:: INFORMATION SUPPLIED ::

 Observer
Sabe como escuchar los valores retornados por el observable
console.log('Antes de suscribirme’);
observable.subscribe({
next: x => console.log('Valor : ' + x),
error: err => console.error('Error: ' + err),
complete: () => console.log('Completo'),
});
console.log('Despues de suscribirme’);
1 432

--

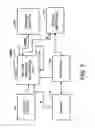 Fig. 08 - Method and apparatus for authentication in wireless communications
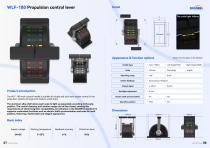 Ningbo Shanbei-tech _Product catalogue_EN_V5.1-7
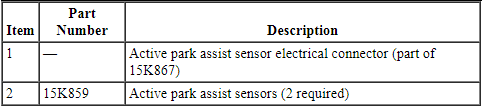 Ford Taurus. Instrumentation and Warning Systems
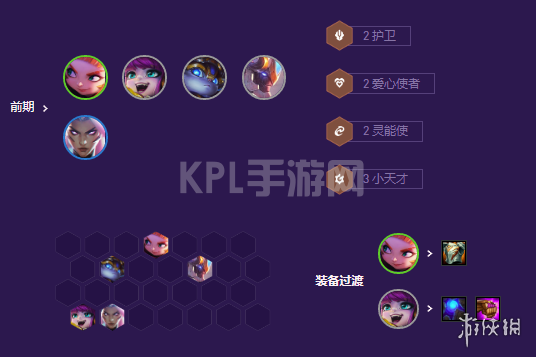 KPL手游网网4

:: ASSIGNMENT ::
Each line above with the word "console" must be returned.

:: WRITTEN ANSWER ::
console.log('Antes de suscribirme’);
next: x => console.log('Valor : ' + x),
error: err => console.error('Error: ' + err),
complete: () => console.log('Completo'),
console.log('Despues de suscribirme’);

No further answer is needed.